***** Data in this exercise *****

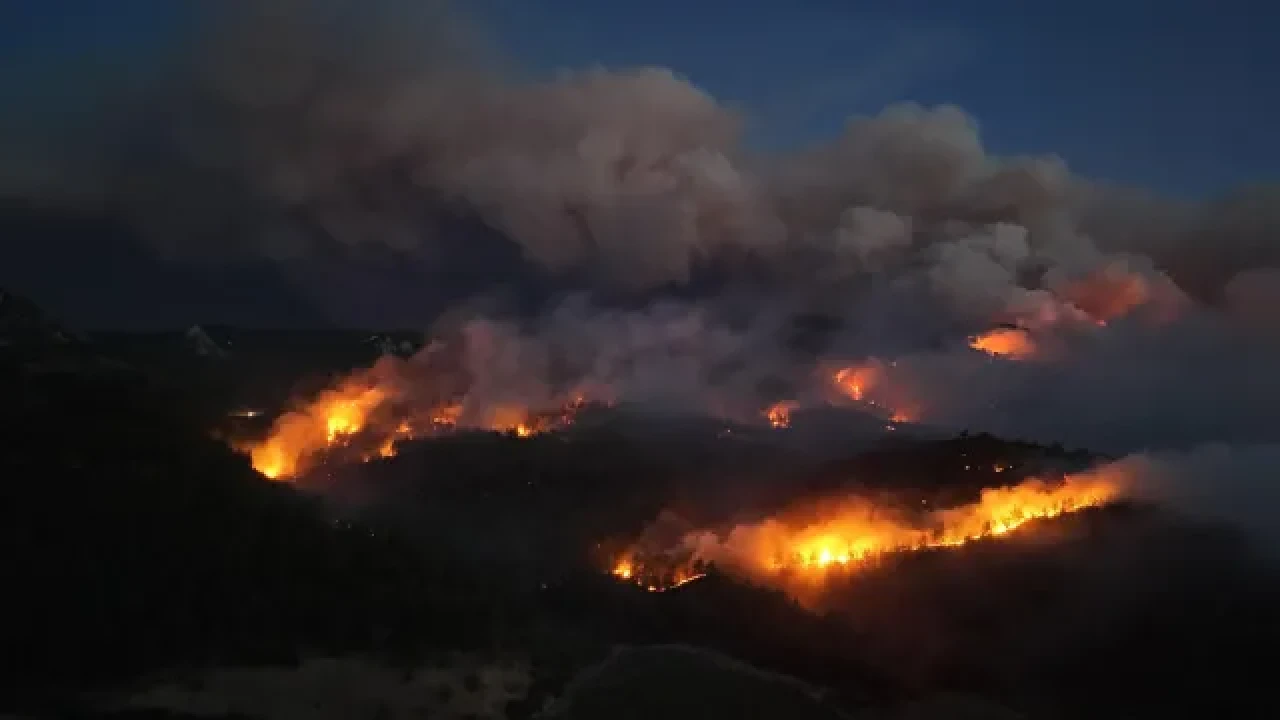 Sakarya’da başlayan yangın Bilecik’e sıçradı: 6 köy boşaltıldı!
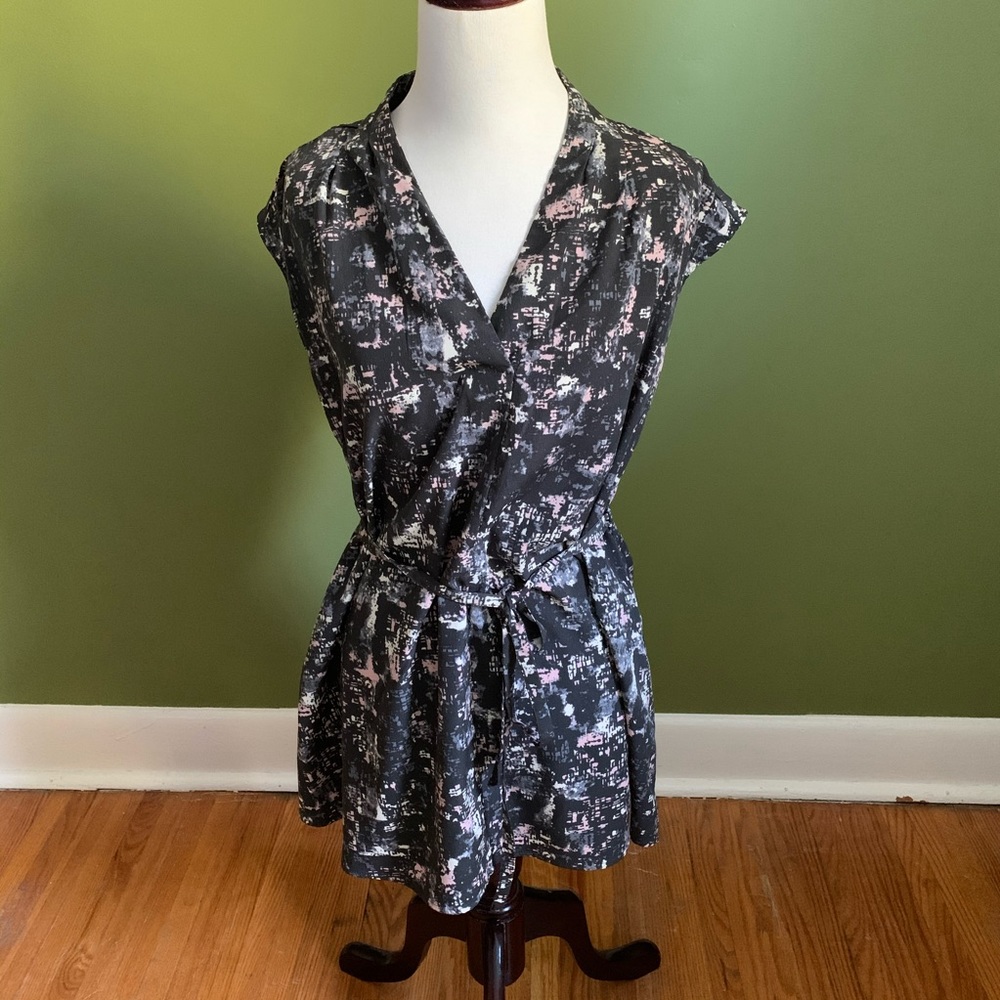 Liz Lange maternity top with tie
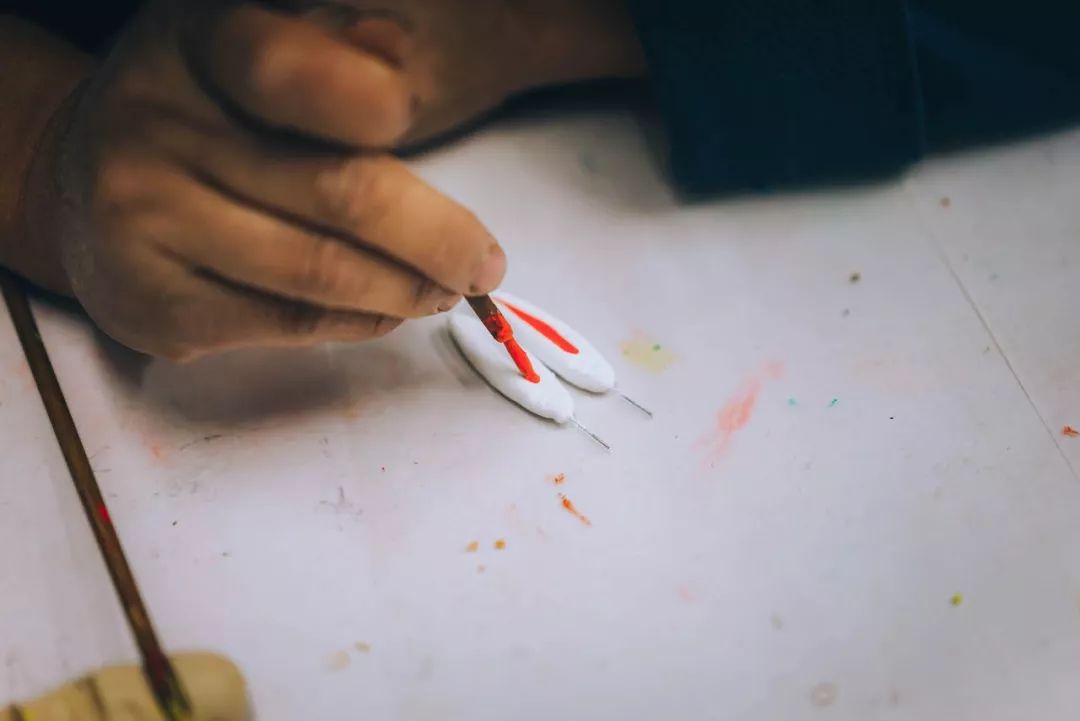 非遗守艺人｜他把泥“玩”出了花样，让有400年历史的老北京兔儿爷也跟上时代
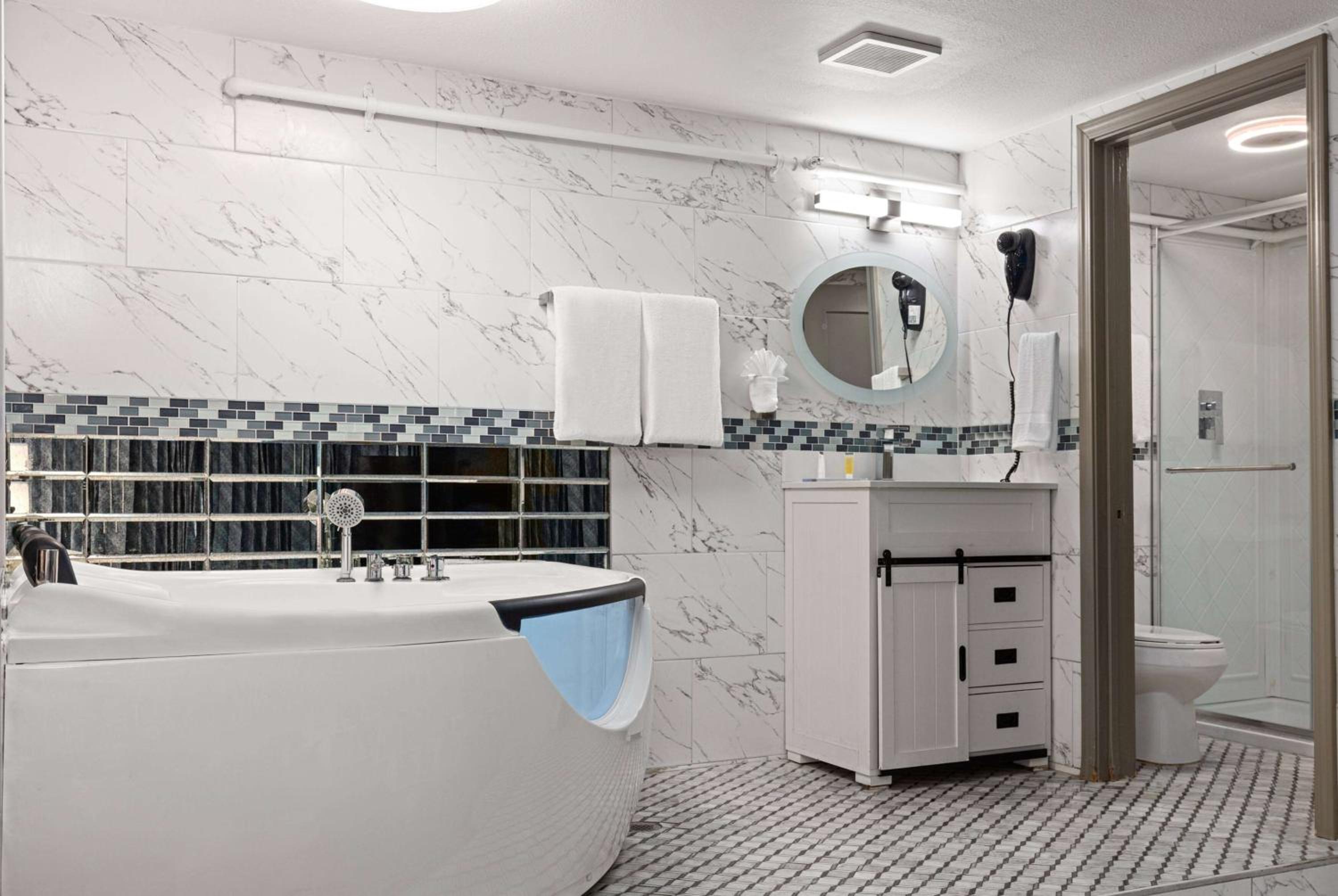 Days Inn by Wyndham Lakewood South Tacoma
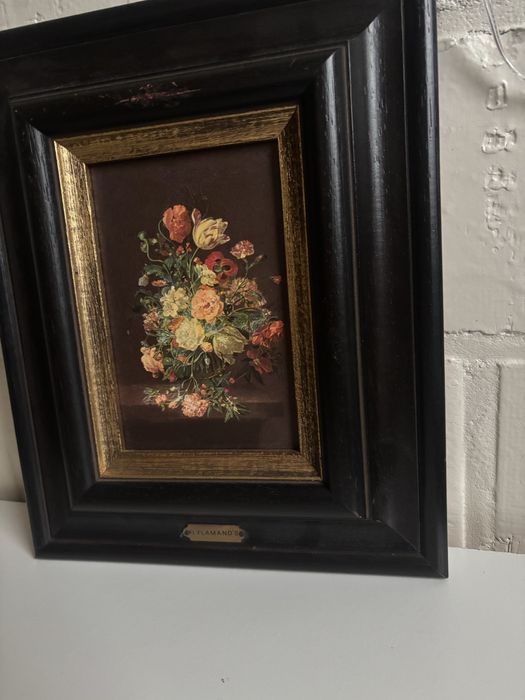 Obraz kwiatow w wazonie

*****

### Description of the task
Every record above should be duplicated precisely, with the images removed.

### Task response
 Sakarya’da başlayan yangın Bilecik’e sıçradı: 6 köy boşaltıldı!
 Liz Lange maternity top with tie
 非遗守艺人｜他把泥“玩”出了花样，让有400年历史的老北京兔儿爷也跟上时代
 Days Inn by Wyndham Lakewood South Tacoma
 Obraz kwiatow w wazonie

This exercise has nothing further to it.